I've got the idea of how I want my graphics to look but I've been messing around with LayoutManagers for a while and can't seem to find a combination that works well.
Here's the setup:
1 JFrame containing 2 JScrollPanes. ScrollPane1 gets 30% of the JFrame vertical space. ScrollPane2 gets 70% of the JFrame vertical space.
Each JScrollPane has: 1 JLabel centered in the middle at the top of the ScrollPane, 1-4 JButtons centered at the bottom of the scrollpane, and many JCheckBoxes somewhere in the middle of each scrollpane.
Ideally it would look like below:
http://i.imgur.com/f7KsC.jpg
My question is: What layout managers would you use for the JFrame and each JScrollPane?
EDIT: All external toolkits must go through our company's legal division before they can be incorporated into our projects. I would like to stick to internal Java libraries.
EDIT 2: Finished!! Here's the final setup:
http://i.imgur.com/5ndjx.png
What I learned is that it's important to keep compartmentalizing in Java. I was using too few containers for all of my objects hoping they would fit cleanly on the Frame. So I started using way more Panels and Layout Managers and it came out BEAUTIFUL. Looks perfect. Thanks everyone for the help.

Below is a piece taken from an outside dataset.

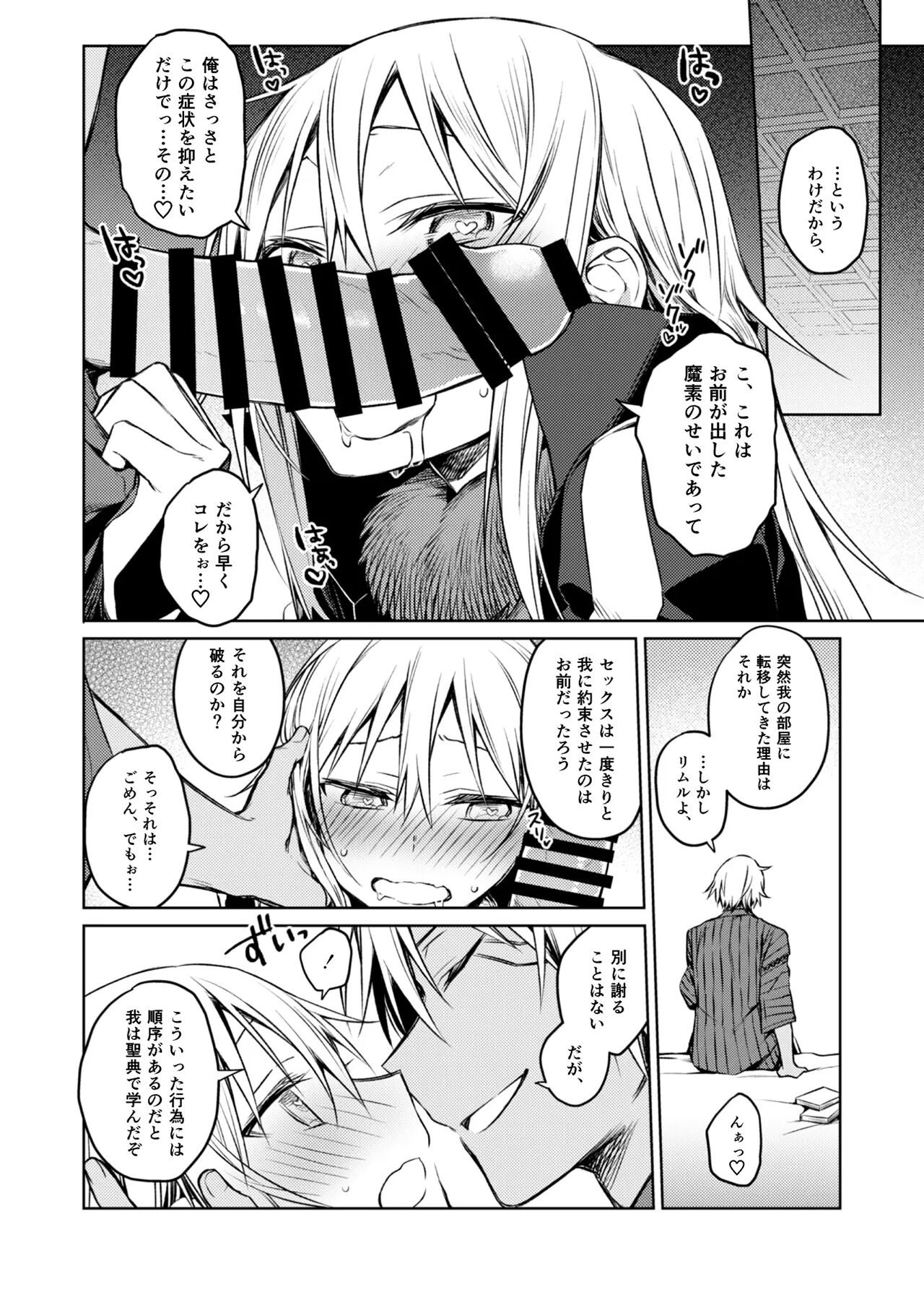 Tokunou! Boufuu Maso page 7 full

IMHO, I would make the content pane of the container a JSplitPane instance.
The upper half would consist of three layered JComponent instances and use the BoxLayout manager with a Y_AXIS alignment. The top layer would use the FlowLayout manager. The middle layer would consist of several juxtaposed JComponent instances, where each would use the BoxLayoutmanager with a Y_AXIS alignment. And of course, the layer itself would use the FlowLayout manager. The bottom layer would consist of several juxtaposed JComponent instances and use the FlowLayout manager.
The lower half would be the exactly the same as the upper half, and therefore, consider encapsulating all this logic within a single custom component.
For more information, see Using Layout Managers.
I would be inclined to use MigLayout at pretty much every step.